◆ **WHAT IS REQUIRED**:
Find the line that contains "2025 Chevrolet Express Cargo 3500 WT", then repeat it and each line after it to the end of the records, exactly.

◆ **PROVIDED MATERIAL**:

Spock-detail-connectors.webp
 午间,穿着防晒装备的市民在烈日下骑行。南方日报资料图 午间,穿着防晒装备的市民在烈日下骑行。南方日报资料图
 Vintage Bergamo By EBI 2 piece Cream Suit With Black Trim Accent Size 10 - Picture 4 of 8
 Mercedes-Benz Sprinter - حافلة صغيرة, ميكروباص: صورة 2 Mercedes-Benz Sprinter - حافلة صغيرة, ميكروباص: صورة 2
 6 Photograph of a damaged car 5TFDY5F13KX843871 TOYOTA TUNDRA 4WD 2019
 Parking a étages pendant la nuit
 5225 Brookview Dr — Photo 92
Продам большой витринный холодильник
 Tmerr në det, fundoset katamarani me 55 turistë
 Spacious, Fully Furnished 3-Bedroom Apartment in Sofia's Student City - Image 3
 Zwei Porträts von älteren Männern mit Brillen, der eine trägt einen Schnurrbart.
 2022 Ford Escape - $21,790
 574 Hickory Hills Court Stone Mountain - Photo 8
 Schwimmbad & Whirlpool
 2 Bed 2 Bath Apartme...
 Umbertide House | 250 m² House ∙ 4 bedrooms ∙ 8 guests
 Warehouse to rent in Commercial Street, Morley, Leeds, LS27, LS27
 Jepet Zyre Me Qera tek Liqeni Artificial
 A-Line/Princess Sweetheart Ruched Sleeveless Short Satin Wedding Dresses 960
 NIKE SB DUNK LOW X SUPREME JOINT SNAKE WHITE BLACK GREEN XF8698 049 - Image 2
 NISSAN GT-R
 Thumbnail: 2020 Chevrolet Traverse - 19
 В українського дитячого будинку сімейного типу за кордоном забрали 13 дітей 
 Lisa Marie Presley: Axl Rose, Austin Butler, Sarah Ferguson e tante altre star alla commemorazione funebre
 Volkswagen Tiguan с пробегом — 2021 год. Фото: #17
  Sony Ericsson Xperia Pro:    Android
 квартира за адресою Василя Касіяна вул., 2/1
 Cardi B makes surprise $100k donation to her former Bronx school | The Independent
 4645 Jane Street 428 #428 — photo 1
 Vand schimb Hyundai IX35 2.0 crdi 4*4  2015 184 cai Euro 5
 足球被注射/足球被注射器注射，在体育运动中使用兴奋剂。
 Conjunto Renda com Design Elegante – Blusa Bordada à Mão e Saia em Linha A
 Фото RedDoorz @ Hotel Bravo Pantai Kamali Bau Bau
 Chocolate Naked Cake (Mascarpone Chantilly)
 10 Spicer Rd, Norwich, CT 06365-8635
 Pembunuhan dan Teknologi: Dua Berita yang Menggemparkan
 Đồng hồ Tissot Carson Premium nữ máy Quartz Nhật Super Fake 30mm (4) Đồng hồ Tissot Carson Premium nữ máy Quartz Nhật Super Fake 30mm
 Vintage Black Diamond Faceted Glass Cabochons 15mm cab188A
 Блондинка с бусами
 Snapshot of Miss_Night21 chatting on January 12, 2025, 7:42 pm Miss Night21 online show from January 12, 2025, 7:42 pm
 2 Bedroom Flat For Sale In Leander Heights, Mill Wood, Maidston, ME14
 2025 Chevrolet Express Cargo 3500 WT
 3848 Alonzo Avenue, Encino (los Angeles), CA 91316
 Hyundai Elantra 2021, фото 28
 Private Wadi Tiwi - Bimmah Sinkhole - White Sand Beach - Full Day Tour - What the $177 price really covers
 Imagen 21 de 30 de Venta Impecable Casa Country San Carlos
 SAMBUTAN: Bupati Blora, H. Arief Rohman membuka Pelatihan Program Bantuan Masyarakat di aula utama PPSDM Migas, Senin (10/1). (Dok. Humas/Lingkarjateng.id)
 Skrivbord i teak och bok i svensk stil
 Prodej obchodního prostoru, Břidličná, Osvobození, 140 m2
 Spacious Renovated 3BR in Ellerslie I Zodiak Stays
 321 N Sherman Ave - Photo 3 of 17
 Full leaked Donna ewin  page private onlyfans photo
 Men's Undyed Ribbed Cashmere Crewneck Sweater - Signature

◆ **EXERCISE RESULT**:
 2025 Chevrolet Express Cargo 3500 WT
 3848 Alonzo Avenue, Encino (los Angeles), CA 91316
 Hyundai Elantra 2021, фото 28
 Private Wadi Tiwi - Bimmah Sinkhole - White Sand Beach - Full Day Tour - What the $177 price really covers
 Imagen 21 de 30 de Venta Impecable Casa Country San Carlos
 SAMBUTAN: Bupati Blora, H. Arief Rohman membuka Pelatihan Program Bantuan Masyarakat di aula utama PPSDM Migas, Senin (10/1). (Dok. Humas/Lingkarjateng.id)
 Skrivbord i teak och bok i svensk stil
 Prodej obchodního prostoru, Břidličná, Osvobození, 140 m2
 Spacious Renovated 3BR in Ellerslie I Zodiak Stays
 321 N Sherman Ave - Photo 3 of 17
 Full leaked Donna ewin  page private onlyfans photo
 Men's Undyed Ribbed Cashmere Crewneck Sweater - Signature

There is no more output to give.